Il y a ceux qui carburent aux chocs esthétiques décadents, et follement amusants par ailleurs, puis il y a la poétique Giorgia Volpe. Une artiste qu’on invite de plus en plus dans l’espace public et qui touche les coeurs par sa proposition artistique misant sur l’artisanat, la douceur. Elle nous propose le second volet de Passage migratoire, série amorcée l’an dernier à Place Royale et dans les même circonstances, une oeuvre hypnotisante qui évoque les mouvements des populations, mais aussi la fragilité des embarcations qui les mènent ou non à bon port. Ces petits bateaux blancs résonnent si fort avec l’actualité, la peur et le danger de ces voyages qui finissent trop souvent au téléjournal en nous arrachant les larmes.

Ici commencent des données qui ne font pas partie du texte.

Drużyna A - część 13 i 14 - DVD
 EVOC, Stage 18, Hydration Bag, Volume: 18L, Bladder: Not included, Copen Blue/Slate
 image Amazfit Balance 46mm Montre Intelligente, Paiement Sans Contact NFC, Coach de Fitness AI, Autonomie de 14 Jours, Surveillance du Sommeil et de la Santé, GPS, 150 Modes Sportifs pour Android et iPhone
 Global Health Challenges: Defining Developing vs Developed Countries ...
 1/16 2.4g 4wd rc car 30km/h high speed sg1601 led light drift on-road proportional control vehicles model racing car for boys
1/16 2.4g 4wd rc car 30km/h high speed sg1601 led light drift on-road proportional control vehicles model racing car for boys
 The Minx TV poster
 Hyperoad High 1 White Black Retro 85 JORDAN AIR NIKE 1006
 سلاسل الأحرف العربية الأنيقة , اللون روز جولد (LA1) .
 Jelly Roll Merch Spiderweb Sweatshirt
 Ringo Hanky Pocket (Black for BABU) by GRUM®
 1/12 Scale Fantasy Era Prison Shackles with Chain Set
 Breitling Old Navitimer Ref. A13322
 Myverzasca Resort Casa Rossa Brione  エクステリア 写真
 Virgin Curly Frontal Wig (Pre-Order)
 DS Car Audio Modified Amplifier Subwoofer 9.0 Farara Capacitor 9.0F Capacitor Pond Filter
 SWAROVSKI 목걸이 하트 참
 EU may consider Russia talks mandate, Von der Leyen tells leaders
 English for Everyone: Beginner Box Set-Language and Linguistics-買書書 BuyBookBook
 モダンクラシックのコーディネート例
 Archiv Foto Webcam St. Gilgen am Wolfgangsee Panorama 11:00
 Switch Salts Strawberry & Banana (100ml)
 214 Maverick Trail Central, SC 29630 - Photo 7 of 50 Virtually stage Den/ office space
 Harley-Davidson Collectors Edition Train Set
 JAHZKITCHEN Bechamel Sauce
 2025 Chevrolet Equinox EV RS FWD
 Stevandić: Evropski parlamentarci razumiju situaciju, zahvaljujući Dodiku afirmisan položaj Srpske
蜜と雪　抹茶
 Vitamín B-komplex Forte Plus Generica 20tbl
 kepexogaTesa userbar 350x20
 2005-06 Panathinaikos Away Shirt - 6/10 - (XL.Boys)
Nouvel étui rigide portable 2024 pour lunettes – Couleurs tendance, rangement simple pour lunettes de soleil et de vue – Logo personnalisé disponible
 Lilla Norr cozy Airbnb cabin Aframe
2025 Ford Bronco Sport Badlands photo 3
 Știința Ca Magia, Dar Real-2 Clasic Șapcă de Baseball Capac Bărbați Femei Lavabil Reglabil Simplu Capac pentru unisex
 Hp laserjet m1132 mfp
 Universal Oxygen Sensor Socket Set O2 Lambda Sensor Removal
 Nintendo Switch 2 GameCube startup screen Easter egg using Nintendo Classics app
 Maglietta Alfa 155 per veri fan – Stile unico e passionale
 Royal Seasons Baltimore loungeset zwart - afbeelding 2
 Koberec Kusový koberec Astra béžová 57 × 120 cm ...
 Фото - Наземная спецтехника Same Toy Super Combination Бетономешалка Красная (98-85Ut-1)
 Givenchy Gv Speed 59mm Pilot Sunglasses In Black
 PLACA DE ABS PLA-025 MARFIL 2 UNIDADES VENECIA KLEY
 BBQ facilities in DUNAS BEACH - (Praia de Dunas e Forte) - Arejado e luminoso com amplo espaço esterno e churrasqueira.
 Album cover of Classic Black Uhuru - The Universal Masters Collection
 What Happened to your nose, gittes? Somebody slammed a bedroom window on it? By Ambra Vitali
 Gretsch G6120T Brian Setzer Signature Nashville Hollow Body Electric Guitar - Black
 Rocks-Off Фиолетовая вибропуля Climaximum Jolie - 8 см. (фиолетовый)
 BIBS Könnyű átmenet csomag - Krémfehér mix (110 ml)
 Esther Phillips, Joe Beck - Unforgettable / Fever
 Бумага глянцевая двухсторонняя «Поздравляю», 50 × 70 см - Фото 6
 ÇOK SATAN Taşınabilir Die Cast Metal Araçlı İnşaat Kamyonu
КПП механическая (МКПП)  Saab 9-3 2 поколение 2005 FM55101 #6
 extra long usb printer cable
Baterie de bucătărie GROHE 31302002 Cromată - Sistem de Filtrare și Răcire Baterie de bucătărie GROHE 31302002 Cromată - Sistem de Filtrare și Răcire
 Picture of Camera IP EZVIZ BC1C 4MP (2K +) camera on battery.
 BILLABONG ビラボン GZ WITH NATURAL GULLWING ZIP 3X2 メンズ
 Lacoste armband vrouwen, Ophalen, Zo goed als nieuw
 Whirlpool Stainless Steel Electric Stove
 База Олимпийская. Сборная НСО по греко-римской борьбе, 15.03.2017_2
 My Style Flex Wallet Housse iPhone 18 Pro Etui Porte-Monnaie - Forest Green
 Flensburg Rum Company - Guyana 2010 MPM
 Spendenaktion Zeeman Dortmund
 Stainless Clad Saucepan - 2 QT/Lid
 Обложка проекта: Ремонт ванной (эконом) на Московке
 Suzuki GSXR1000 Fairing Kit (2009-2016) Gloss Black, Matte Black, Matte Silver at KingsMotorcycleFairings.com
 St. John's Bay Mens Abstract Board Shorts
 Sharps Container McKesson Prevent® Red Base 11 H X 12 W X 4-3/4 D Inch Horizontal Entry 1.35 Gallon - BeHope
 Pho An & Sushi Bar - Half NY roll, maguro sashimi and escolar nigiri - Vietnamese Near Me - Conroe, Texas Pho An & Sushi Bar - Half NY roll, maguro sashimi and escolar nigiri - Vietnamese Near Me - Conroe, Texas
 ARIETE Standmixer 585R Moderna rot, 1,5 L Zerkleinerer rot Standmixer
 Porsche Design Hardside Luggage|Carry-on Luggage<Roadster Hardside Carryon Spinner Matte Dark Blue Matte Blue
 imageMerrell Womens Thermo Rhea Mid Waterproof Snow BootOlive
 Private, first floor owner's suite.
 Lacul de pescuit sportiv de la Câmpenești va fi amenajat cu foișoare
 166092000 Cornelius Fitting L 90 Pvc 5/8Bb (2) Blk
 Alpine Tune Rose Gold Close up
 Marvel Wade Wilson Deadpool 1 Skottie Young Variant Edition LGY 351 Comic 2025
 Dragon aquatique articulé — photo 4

C’est un hommage à l’immigrant, oui, mais c’est également un clin d’oeil au folklorique québécois. J’y vois une belle référence à La Chasse-galerie d’Honoré Beaugrand, cette idée du canot qui flotte, défie les lois de la gravité.
L’humour prédomine dans le reste du parcours de sept stations qui sera bonifié par deux ajouts au fil de la saison. Le Torontois Robert Hengeveld règne en maître sur la cohorte de farceurs avec TTTourner: l’oeuvre la plus drôle, la plus délirante et géniale que j’ai vu à Québec depuis la dernière Manif d’art. Une intervention excessivement subtile que j’ai eu du mal à trouver, certes, mais qui m’a finalement fait rire un bon coup. Je n’en dirai pas davantage de peur de dévoiler la surprise… En tout cas, vous avez rendez-vous au coin des rues St-Pierre et St-Antoine non loin de l’Auberge homonyme ainsi que du Musée de la Civilisation.
Même si le premier arrêt de ma tournée m’a un peu déçue par son esthétique terne, alors que le Collectif Allard-Duchesneau voulait en fait transformer le laid en beau, les vidanges en trésors, le reste du corpus s’avère étonnant (Sortir son ballon), bizarroïde (Cube spatial), mignon (Quand les avions en papier ne partent plus au vent) ou engagé.
À ce sujet, j’ai beaucoup aimé imposteur du collectif les malcommodes pour son propos dénonciateur, en quelque sorte, la réflexion que cette gang de créateurs propose sur les reconstitutions historiques trompeuses et le détournement de patrimoine. C’était très pertinent, à mon sens, vu le lieu qui leur sert de cadre: La Batterie royale.
Les passages insolites seront présentés jusqu’au 15 octobre.